(Collected data)
-- Opening Marker --
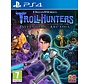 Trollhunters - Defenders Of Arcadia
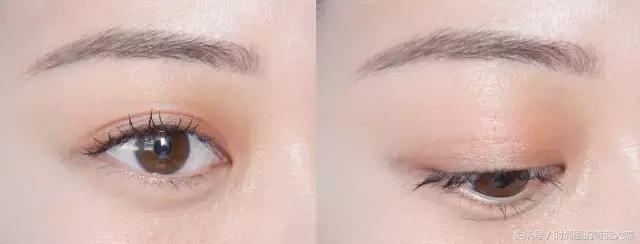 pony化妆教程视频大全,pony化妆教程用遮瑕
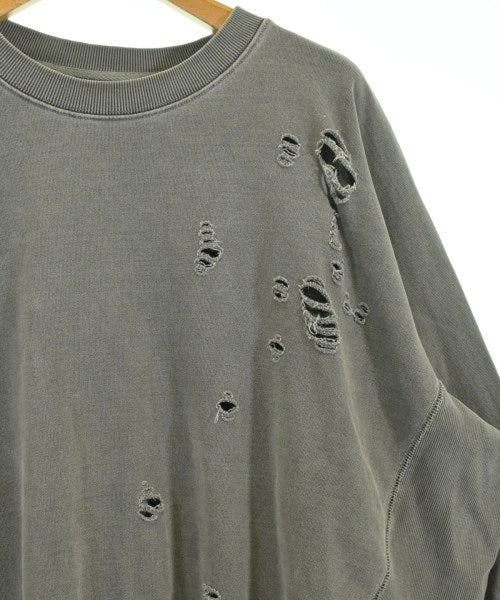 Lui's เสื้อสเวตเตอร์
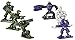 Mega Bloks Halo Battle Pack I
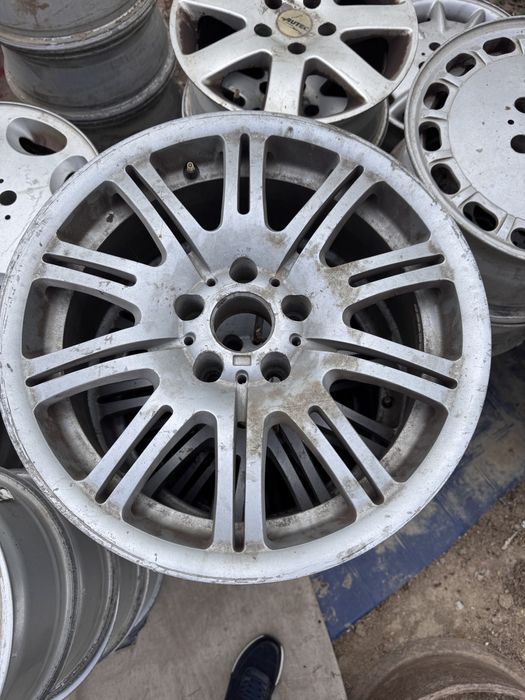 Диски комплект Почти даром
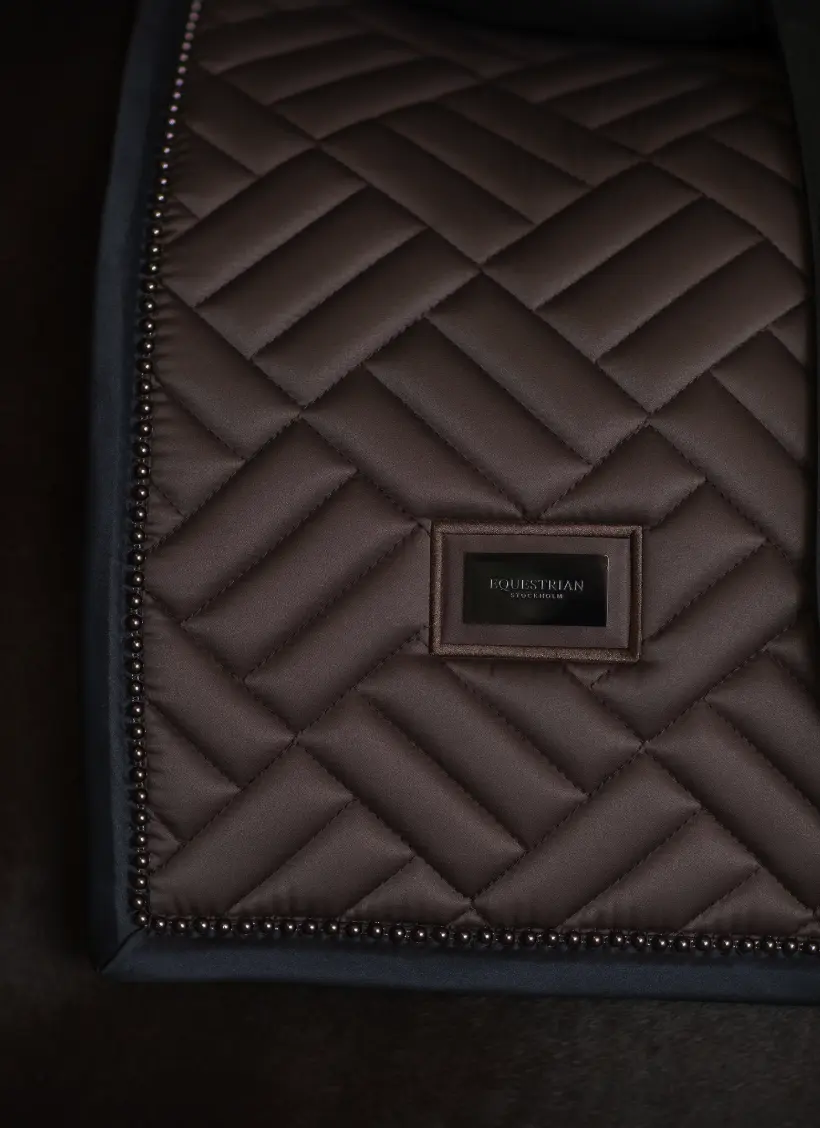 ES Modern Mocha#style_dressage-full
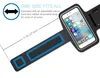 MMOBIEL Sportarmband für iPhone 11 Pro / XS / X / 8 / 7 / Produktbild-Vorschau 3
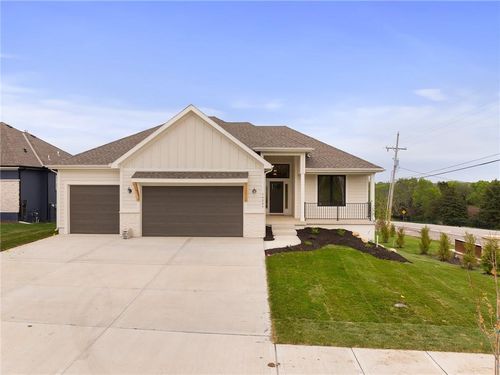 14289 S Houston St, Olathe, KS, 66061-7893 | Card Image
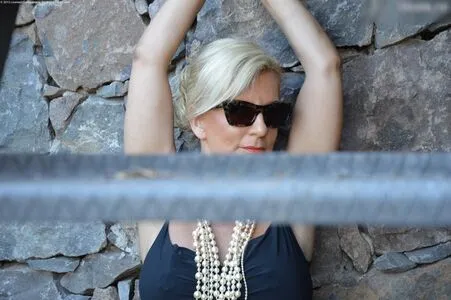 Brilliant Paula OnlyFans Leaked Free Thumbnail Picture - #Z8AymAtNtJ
-- Closing Marker --
**Exercise requirements**
Give again, exactly as written, the lines from the one with "MMOBIEL Sportarmband für" through the last line of the entries above, but skip the pictures.

**Final answer**
 MMOBIEL Sportarmband für iPhone 11 Pro / XS / X / 8 / 7 / Produktbild-Vorschau 3
 14289 S Houston St, Olathe, KS, 66061-7893 | Card Image
 Brilliant Paula OnlyFans Leaked Free Thumbnail Picture - #Z8AymAtNtJ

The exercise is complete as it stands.